Was a nonpartisan panel of experts convened? Has Congress examined the many proposals for digital sovereignty or third-party data protocols – including the one developed by my team and me at Microshare? No. They held televised star chamber hearings to eviscerate the CEOs of the major technology firms without demonstrating much knowledge of the complexities involved. Did Facebook deserve its drubbing? Probably. Is the laissez faire approach that dominated the first two decades of the digital revolution in need of guardrails? Absolutely.
Now Congress is moving forward with a sledgehammer where an architect’s fine pencil is more appropriate. In November, Sen. Maria Cantwell, D-WA and the top Democrat on the Senate Commerce, Science and Transportation Committee, introduced a new national privacy bill – Consumer Online Privacy Rights Act, – aimed at providing consumers with digital "Miranda rights" and impose tough penalties on companies that abuse consumer data.
So Republicans, eager to find some compromise that would prevent a patchwork of state laws like the CCPA from being enforced, have made their own proposal. It dials back some of the disclosure requirements of Cantwell’s bill, and also would preempt state data laws, a provision that would deny California the satisfaction of again setting national policy.
Everything in Moderation
I don’t deny the downside risks or the need for standards. I could list the big hacks and point to outrages regarding personal privacy, but you know that story. All new technologies come with downside risk. Wheels, a seminal human invention, not only move things but also crushed us to death now and then. The printing press brought literacy and ideas to medieval civilization but also Mein Kampf and child pornography. Aircraft made the planet smaller but also dropped jellied petroleum on Dresden and atomic weapons on Nagasaki and Hiroshima.
We didn’t ban wheels, printing presses or aircraft.

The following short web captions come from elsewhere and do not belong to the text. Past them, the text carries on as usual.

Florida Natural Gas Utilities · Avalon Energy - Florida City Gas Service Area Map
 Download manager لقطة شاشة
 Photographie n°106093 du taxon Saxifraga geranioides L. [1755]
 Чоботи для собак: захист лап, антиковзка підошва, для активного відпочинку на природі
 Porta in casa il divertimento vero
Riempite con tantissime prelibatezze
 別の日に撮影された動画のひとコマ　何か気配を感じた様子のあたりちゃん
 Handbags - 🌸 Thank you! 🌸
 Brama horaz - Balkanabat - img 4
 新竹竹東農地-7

The harnessing, sharing and selling of data will displace workers, prove invasive in some forms, and may well be turning our children into little Zombies. But humans manage risk and adapt to change: that’s what we do. We will survive the challenges of the technology age, too.

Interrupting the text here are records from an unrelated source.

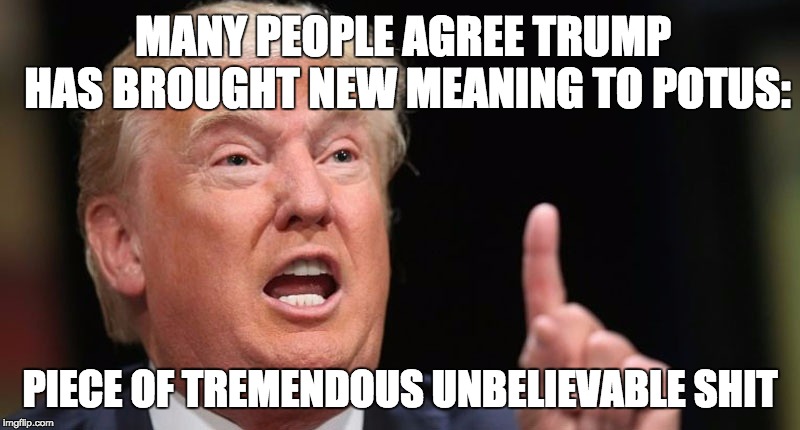 piece of trump | MANY PEOPLE AGREE TRUMP HAS BROUGHT NEW MEANING TO POTUS:; PIECE OF TREMENDOUS UNBELIEVABLE SHIT | image tagged in trump liar,memes,potus,pos,shitpost | made w/ Imgflip meme maker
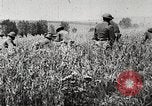 Image of United States troops advance Argonne forest France, 1918, second 13 stock footage video 65675061250
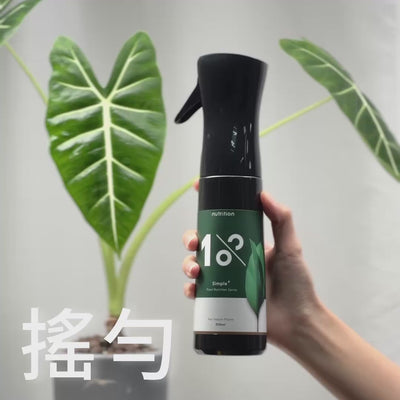 1%植物關鍵 Simple+ 植物營養噴霧使用方式，免稀釋直接噴灑植物葉片，輕鬆完成居家植物葉片日常營養照護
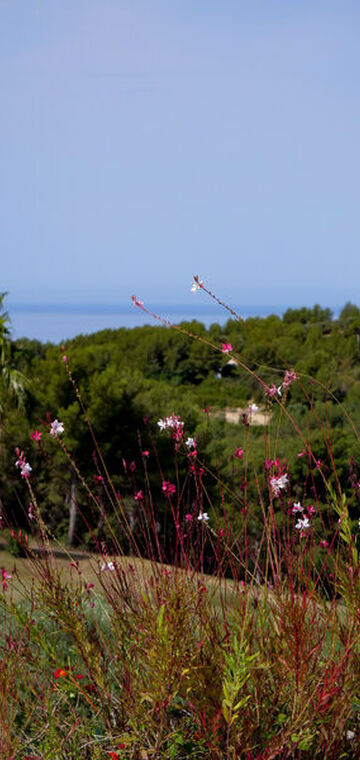 © Résidence Dolce Frégate Provence - Office de tourisme de Saint-Cyr-sur-Mer / Joan Costeja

For all the downside risks involved in the transfer and collection of data, I believe the upside is greater by far. Data on our health and nutrition will extend our lives; Data has the potential to eliminate traffic accidents. Data will make everything from buildings to ships to hospitals more sustainable and more efficient. Even inequality can be tackled: Data gleaned from mobile payments systems in the far reaches of the developing world shunned by traditional finance – from sub-Saharan Africa to the Andes to Southeast Asia – are enabling small farmers, merchants and village craftsmen to access small loans and insurance based on risk calculations drawn from shared data.

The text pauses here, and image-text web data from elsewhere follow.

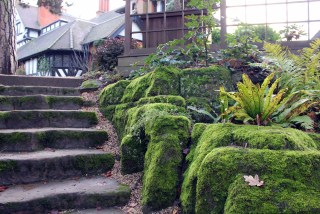 A non religious or religious ceremony? Both options are available for a celebrant led funeral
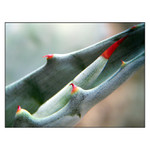 ***OCHRÁNÍM_TĚ***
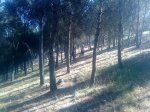 DSC00744.jpg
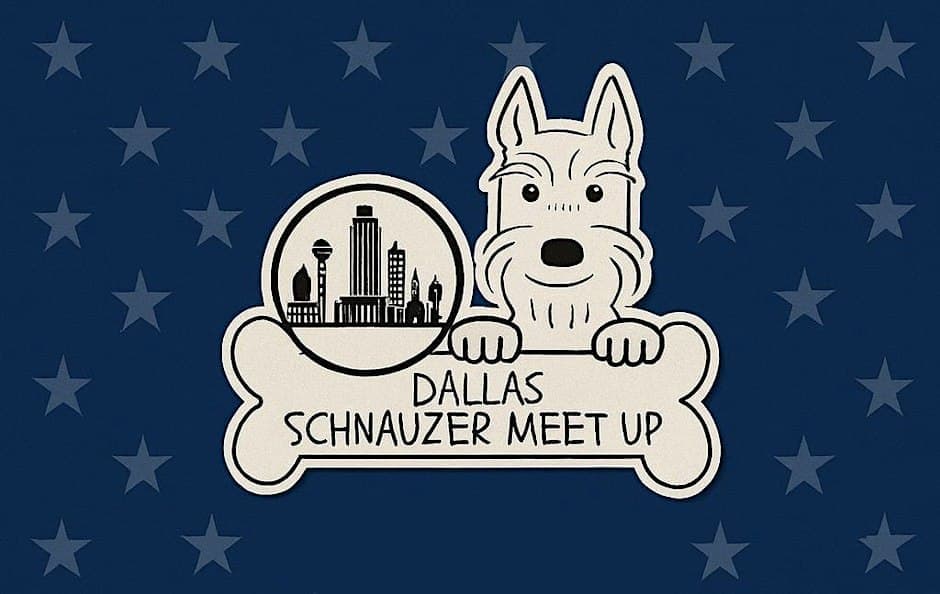 Schnauzer Halloween Costume Party | Dallas Schnauzer Meet Up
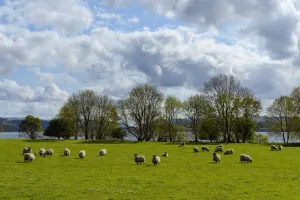 Blackface Sheep herd grazing in meadow beside Loch Awe in Scotland Blackface Sheep herd grazing in meadow beside Loch Awe in Scotland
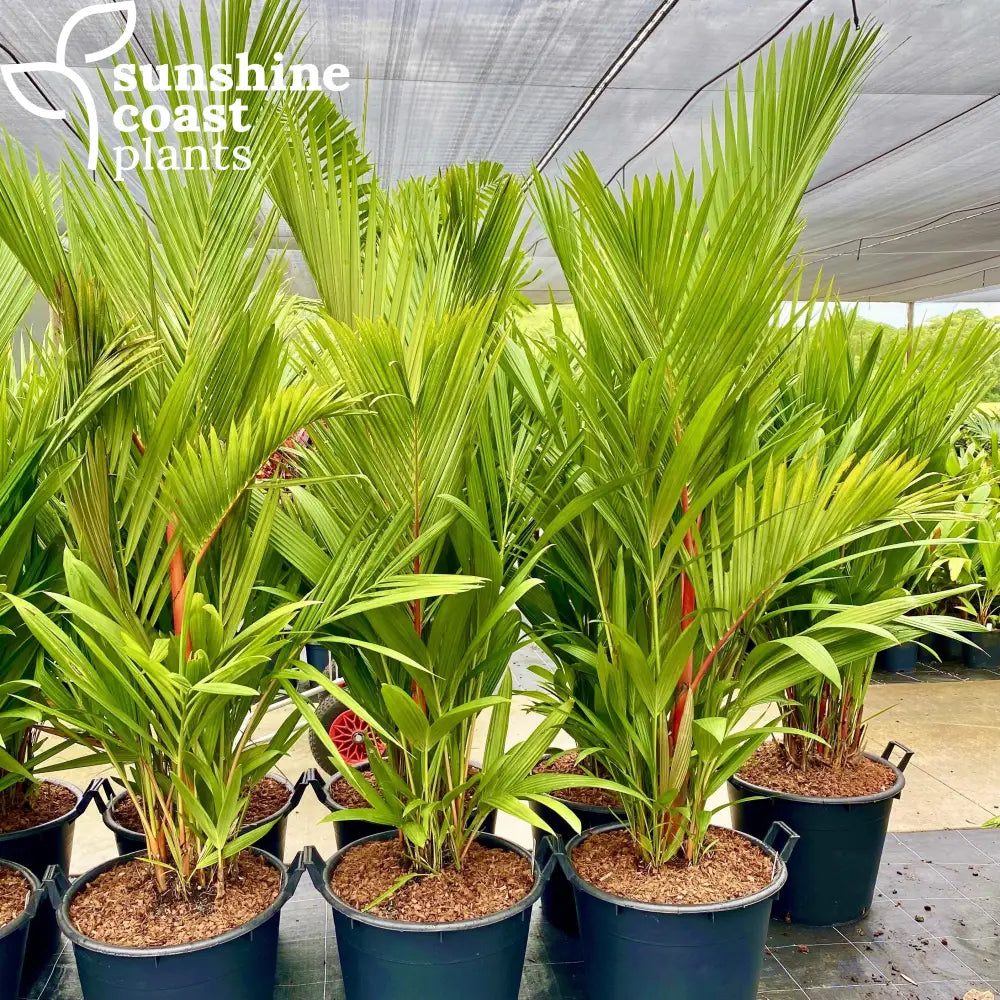 red palm plants for sale Cyrtostachys Renda - Lipstick Palm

The data debate is complex. There are countless nuances around data: personal, government, industry, sovereignty, and more. Like any other asset that creates value for society, data will always attract the attention of nefarious characters. But just like payments, aircraft and the networking of proprietary intellectual property, the value add exceeds the risks. It is time to communicate clearly the methods and purposes of data collection and distribution so that societies can develop clear ethical and regulatory standards for data management.